:: EXERCISE OBJECTIVE ::
When the line containing "Coquette Rose Knit Cardigan" appears in the data below, begin copying there and stop only after the line containing "Tablou Canvas Premium, LuxCanva®".

:: INFORMATION SUPPLIED ::

*** Begin section ***

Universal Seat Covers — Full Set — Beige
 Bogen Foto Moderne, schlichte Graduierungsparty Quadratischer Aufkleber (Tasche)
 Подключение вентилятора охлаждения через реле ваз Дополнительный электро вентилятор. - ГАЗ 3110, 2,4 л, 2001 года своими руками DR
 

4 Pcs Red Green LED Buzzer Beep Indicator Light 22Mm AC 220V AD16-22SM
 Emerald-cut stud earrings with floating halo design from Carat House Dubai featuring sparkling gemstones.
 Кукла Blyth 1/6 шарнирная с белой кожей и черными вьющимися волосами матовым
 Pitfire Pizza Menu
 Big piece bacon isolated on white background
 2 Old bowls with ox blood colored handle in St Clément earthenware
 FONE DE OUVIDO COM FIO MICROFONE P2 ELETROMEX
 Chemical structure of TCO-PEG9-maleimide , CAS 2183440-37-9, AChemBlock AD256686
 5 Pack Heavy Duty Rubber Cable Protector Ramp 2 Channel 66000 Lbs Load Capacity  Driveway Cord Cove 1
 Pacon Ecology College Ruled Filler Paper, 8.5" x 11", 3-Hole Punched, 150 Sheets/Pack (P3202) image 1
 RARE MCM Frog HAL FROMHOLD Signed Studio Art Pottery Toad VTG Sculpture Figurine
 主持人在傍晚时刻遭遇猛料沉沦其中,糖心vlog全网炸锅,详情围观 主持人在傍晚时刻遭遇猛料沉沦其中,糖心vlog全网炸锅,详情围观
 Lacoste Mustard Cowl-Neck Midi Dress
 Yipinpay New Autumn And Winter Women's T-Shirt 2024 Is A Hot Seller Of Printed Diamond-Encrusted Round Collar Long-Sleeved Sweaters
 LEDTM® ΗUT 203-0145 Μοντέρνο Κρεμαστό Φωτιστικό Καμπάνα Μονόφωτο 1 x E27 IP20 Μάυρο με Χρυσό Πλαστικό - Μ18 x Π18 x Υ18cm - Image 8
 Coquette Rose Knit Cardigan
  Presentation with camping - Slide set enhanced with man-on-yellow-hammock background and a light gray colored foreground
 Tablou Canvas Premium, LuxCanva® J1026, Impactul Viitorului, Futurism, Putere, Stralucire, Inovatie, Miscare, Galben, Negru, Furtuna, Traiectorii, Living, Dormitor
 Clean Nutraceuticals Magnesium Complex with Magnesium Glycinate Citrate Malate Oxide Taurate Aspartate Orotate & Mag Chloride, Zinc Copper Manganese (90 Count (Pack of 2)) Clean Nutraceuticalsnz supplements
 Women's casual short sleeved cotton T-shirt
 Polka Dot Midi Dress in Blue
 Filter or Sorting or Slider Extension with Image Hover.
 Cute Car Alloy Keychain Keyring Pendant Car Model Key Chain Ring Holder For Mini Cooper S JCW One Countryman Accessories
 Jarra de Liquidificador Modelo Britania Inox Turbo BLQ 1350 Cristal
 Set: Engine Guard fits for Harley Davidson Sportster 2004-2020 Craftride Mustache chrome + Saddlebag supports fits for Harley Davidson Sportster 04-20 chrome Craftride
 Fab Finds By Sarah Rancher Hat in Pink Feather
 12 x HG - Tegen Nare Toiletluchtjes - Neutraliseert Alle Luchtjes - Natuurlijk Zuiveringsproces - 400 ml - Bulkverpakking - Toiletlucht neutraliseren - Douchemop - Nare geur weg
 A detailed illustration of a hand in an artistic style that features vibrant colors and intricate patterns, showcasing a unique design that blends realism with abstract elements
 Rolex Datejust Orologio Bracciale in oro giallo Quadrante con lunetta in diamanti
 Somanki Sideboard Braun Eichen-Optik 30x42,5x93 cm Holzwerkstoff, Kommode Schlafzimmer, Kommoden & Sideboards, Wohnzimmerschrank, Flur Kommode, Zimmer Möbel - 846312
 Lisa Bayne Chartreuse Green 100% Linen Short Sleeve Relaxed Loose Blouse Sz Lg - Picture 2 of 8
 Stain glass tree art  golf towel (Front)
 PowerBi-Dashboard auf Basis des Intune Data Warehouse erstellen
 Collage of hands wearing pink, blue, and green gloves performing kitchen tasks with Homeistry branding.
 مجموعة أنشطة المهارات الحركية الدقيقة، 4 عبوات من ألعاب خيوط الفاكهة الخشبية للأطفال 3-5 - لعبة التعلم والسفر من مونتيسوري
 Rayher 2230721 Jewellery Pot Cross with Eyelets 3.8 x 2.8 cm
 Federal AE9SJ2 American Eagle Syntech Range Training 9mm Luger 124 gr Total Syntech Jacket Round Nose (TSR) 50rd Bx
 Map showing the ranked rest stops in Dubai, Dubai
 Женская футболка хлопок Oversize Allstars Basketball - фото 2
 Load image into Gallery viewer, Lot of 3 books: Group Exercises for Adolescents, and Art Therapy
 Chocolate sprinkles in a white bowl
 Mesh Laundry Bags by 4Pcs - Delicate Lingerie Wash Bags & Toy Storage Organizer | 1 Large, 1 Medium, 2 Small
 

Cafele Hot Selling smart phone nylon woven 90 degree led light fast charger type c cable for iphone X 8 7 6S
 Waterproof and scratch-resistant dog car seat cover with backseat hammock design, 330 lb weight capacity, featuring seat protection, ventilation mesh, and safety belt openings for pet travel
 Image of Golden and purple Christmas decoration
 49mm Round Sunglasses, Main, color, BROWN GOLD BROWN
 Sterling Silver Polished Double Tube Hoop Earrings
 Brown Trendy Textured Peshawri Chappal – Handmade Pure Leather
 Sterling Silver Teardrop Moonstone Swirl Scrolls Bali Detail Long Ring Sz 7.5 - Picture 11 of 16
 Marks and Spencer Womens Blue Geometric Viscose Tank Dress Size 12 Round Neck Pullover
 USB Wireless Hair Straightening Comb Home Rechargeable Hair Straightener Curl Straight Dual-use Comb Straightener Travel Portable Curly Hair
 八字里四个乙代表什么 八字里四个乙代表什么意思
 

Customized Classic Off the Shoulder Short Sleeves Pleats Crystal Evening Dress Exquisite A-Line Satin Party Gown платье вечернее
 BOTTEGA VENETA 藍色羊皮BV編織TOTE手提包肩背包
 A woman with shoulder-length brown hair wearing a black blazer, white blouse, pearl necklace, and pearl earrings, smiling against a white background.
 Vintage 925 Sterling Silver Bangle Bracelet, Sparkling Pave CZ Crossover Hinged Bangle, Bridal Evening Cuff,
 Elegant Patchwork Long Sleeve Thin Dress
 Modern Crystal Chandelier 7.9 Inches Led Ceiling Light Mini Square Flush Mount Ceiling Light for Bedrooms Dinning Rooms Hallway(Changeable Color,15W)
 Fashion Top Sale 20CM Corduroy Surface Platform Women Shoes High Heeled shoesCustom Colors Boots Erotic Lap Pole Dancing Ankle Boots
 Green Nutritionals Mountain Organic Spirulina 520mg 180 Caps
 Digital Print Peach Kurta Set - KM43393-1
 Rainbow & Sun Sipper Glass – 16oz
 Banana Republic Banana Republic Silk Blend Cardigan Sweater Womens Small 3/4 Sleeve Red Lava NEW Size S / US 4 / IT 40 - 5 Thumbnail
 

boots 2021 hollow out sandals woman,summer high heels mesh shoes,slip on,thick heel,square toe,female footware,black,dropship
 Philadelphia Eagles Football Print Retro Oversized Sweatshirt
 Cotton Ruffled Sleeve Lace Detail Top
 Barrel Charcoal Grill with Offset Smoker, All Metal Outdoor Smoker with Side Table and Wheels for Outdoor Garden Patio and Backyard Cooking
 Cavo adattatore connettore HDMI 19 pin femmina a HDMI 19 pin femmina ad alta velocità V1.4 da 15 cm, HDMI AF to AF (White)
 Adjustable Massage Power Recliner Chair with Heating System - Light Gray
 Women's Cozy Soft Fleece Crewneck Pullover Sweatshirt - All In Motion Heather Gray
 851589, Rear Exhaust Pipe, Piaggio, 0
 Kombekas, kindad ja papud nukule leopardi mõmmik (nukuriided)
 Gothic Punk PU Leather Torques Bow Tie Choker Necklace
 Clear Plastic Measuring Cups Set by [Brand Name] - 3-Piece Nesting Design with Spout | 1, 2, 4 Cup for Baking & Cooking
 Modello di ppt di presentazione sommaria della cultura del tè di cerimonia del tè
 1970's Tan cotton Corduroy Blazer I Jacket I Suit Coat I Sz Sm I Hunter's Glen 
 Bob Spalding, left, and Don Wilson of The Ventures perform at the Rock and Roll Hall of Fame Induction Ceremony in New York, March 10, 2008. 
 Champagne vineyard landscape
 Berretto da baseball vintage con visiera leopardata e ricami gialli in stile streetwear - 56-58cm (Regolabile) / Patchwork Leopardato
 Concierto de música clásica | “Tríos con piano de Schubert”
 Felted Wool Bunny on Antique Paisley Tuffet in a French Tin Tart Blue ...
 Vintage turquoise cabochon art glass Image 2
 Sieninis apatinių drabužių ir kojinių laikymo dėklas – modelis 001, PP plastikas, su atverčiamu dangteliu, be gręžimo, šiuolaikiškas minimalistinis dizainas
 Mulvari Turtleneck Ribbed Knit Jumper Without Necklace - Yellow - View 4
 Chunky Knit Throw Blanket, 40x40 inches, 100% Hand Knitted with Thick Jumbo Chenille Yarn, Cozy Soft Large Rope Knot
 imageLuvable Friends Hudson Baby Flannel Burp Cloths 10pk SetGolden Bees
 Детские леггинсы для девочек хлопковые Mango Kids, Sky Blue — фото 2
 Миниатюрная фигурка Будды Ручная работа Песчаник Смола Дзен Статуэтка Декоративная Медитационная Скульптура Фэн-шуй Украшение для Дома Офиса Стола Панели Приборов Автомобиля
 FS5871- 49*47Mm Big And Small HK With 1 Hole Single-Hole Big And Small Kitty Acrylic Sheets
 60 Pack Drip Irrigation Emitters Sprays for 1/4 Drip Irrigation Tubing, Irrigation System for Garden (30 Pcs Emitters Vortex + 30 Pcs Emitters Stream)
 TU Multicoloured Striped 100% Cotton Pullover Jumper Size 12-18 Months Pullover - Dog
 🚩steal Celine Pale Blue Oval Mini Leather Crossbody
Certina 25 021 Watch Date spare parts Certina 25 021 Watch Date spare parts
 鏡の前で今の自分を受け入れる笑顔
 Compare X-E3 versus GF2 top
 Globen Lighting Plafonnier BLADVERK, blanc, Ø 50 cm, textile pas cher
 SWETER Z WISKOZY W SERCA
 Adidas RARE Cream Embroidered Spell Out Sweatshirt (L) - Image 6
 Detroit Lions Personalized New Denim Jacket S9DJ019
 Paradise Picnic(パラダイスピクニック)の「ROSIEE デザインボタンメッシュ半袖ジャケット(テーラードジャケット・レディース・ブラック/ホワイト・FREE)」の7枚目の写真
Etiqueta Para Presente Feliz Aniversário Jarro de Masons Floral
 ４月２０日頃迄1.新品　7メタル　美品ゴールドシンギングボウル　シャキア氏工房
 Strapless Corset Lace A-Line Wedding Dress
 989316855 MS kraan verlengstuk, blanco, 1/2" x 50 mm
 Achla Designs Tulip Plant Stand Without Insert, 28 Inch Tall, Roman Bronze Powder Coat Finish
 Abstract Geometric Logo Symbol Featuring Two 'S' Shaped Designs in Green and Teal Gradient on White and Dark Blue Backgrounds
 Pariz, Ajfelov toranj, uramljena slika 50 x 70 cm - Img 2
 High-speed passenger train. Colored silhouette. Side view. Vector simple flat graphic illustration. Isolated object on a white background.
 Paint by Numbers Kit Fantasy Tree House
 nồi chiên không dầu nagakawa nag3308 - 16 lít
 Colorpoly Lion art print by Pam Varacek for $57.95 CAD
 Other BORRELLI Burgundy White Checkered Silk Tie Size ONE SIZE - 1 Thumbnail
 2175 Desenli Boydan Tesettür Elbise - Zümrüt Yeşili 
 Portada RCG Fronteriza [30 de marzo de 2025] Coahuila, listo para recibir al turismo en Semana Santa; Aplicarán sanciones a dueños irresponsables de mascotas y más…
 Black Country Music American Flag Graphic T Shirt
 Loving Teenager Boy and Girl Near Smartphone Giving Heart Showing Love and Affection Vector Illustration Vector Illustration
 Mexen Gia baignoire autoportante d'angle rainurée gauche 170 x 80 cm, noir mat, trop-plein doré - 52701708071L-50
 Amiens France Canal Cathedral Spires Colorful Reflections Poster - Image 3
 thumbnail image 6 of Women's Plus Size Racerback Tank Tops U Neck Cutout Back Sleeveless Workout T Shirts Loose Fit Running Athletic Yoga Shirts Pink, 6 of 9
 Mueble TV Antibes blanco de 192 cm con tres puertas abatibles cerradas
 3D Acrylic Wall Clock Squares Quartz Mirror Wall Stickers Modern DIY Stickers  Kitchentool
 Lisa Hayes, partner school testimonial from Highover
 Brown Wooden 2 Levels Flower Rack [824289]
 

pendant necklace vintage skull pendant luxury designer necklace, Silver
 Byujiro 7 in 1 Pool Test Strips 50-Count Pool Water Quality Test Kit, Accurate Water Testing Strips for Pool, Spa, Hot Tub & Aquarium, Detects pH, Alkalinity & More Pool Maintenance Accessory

*** End section ***

:: SOLUTION TO THE EXERCISE ::
 Coquette Rose Knit Cardigan
  Presentation with camping - Slide set enhanced with man-on-yellow-hammock background and a light gray colored foreground
 Tablou Canvas Premium, LuxCanva® J1026, Impactul Viitorului, Futurism, Putere, Stralucire, Inovatie, Miscare, Galben, Negru, Furtuna, Traiectorii, Living, Dormitor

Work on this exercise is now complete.